We have to replace some plants — a false cypress (chamaecyparis) that has outgrown its space, a Japanese maple that is failing and a witch hazel that simply has been disappointing. So I have been looking forward to making the calls for the new-plants column I do about this time every year.
I’m interested in a variegated Japanese red pine called “Golden Ghost” that Jeff O’Donal of O’Donal’s Nursery in Gorham mentioned during a program for landscapers in February. It has yellow and green needles, is most vibrant in summer and fall, and grows 10 feet tall and 6 feet wide.
The idea of the plant sounds great, but I am going to have to convince Nancy — not only because it costs about $180. And I am going to have to see it in person to make sure it doesn’t look like a regular white pine that looks just a little sick.
Enough about me.
The other sources for this year’s column are Tim Bate of Skillins Greenhouses in Falmouth; Tom Estabrook and Jim Masse of Estabrook’s Farm and Gardens in Yarmouth, Scarborough and Kennebunk; Hammond Buck of Plants Unlimited in Rockport; and Steven Palmer of Plainview Farms in North Yarmouth.

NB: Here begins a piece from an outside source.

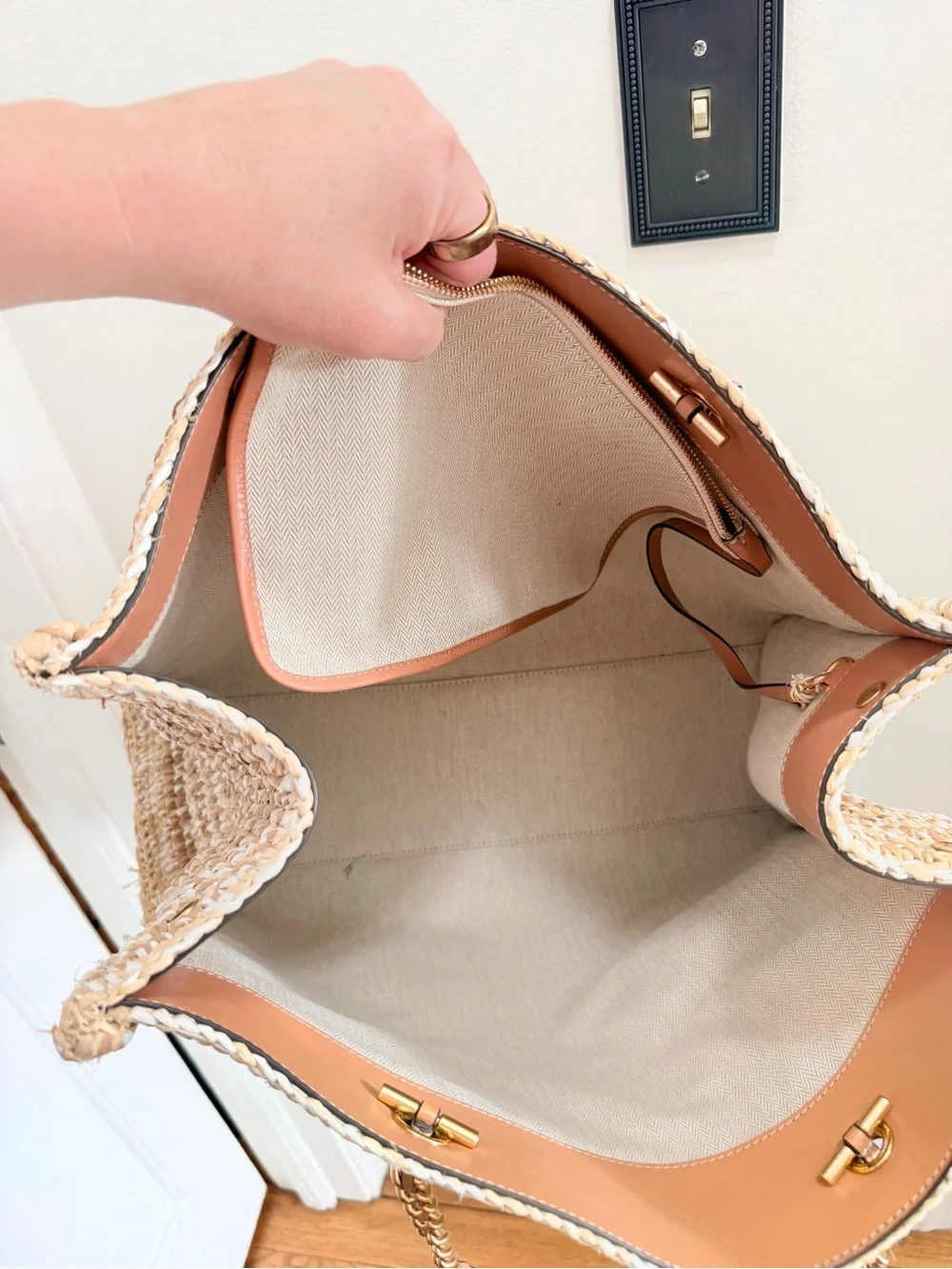 RARE Tory Burch Ella Rafia Tote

And there are four new shrubs that lead the list: the “Bella Anna” hydrangea; two double-flowering quince called “Double Take Orange Storm” and “Double Take Pink Storm”; and, although it was available as a limited release last year, the “Bloomerang” lilac.
“Bella Anna” is marketed by Bailey’s Nurseries as part of its “Endless Summer” series, even though “Bella Anna” is an arborescens hydrangea like the older, white “Annabelle.” The other “Endless Summer” hydrangeas are macrophylla.
For those who don’t speak plant Latin, the arborescens have elongated blossoms and traditionally have been white, while the macrophylla are spherical and typically blue or pink. “Bella Anna,” introduced by Michael Dirr, is reported to be pinker than “Invincibelle Spirit,” a pink arborescens introduced last year in the Proven Winners line.
The two “Double Take” quince (Chaenomeles, although that is a Latin name almost no one uses) are double-flowering, deer resistant, early blooming and striking. They have neither thorns nor fruit, and they are described as looking like camellias.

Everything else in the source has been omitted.